You can cap and trade carbon dioxide until you know what freezes over, but unless this heliospheric shrinking is cyclical, the knowledge of which is just out of our reach, we've got a big problem, Houston. Can you say DNA-destroying radiation?


Hosting by Yahoo!

October 12, 2008

Into the black

Some recent science fiction, particularly Saturn's Children, by Charles Stross, offers a bleak assessment of humanity's chances of colonizing the solar system. The choices, from the moon to Mars and possibly Jupiter's moon Europa, are high-radiation, ugly places. So it's not as inspiring as usual to hear of Stephen Hawking's latest prediction that we have to move beyond the home planet to survive. Makes sense, of course, but where will we find the natural beauty and relative safety of the shielding atmosphere that we leave behind?


Hosting by Yahoo!

October 11, 2008

Saturn's Children

I suppose eroticism has always been a part of science fiction, at least in the cover art, though I don't recall any as explicit as this tale, where a femmebot created to serve humanity's sexual needs is left to look for love in all the wrong places because humanity has long been extinct. Extinct by it's own hand, in fact, not through war or environmental disaster, but through selfish unwillingness to replicate--life with pets, instead, and all those forty-two-inch flat-screen boob tubes, I suppose.

I've now read three of Stross's works, this one, Halting State and Singularity Sky. While I enjoyed HS, which is more about the Internet's future than robotics, and SS had its moments, Saturn's Children was the most memorable. Not only, or even especially because of the eroticism, but because of the suprisingly bleak assessment of what life beyond Earth really would be like for "pink goo," us, in landscapes and interplanetary propulsion systems awash in deadly radiation where only robots with replaceable parts can thrive.


Hosting by Yahoo!

October 09, 2008

The Chilling Stars

NASA, for one, considers unproven Henrik Svensmark's theory that cosmic rays provide seed nuclei for the low-altitude clouds that keep earth's temperature low, thus having much more effect on climate than the favorite notion of the carbon dioxide movement. "Speculation," said the agency scientists who recently pronounced the current solar minimum the least since the space age began--meaning the solar wind is subsiding and cosmic rays are increasing.
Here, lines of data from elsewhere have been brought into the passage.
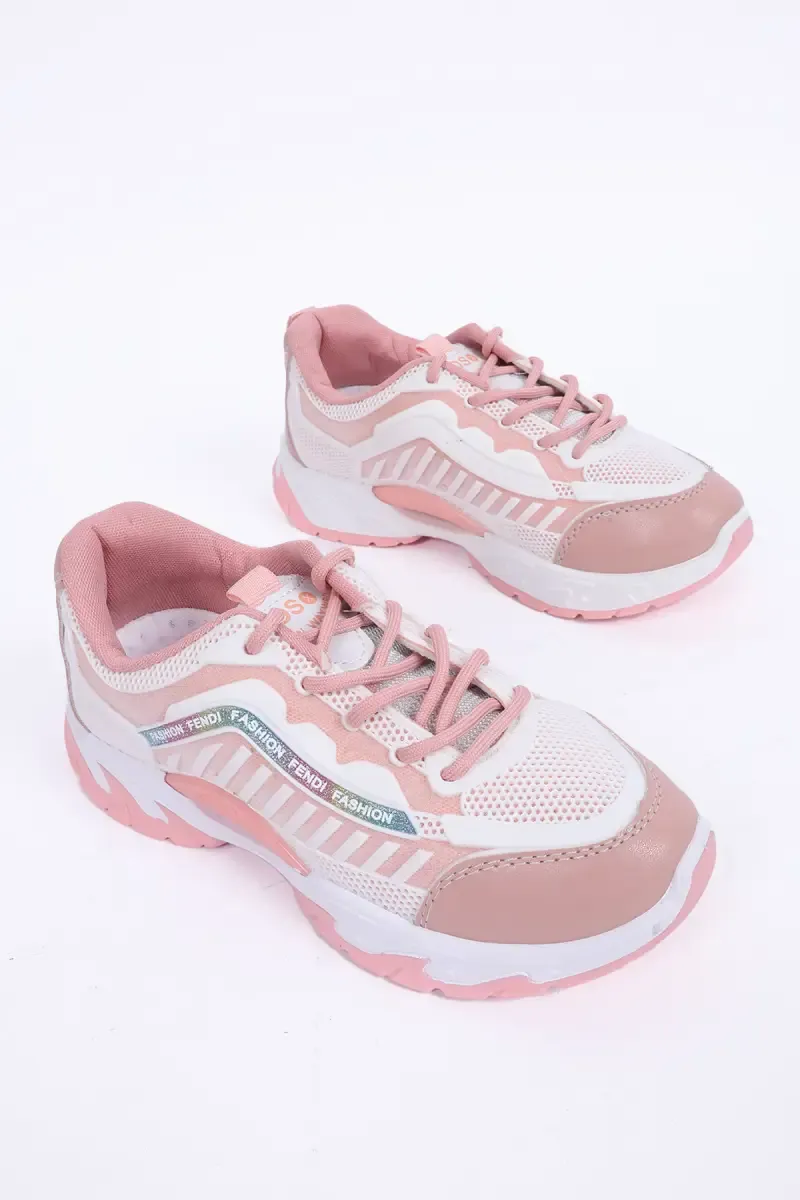 Lace-Up Sports Shoes for Women – Stylish with Cushioned Sole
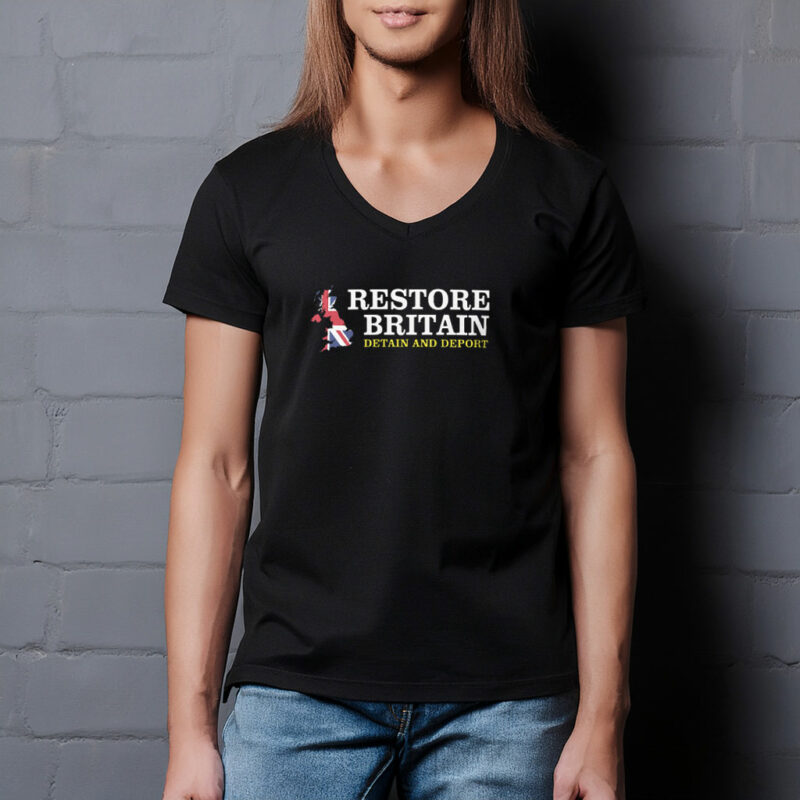 Detain and Deport British Flag Shirt Party UK Politics Restore Britain T-Shirt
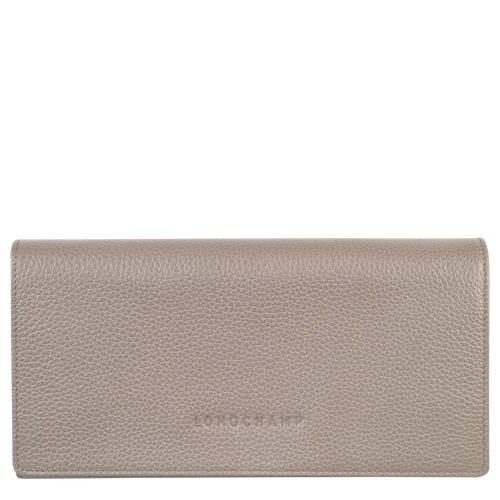 Grey Women's Longchamp Long continental Le Foulonné Leather Wallets | 1234675-WE - Exclusive Outlet Sale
Svensmark's and  science writer Nigel Calder's 2007 book, The Chilling Stars, A New Theory of Climate Change, shows the theory has ample evidence to be respectable, far more than the U.N.'s notion that industrial and automotive carbon dioxide will make the seas rise, the tropics move north, and give the Democrats another tax (carbon footprint) on which to hang their favorite boondoggles. It's a theory that invites collaboration from scientists as diverse as particle physicists, astronomers and biologists, and it really should interest NASA, as it involves such climate drivers as supernovae and the solar system's passage through the spiral arms of the Milky Way galaxy.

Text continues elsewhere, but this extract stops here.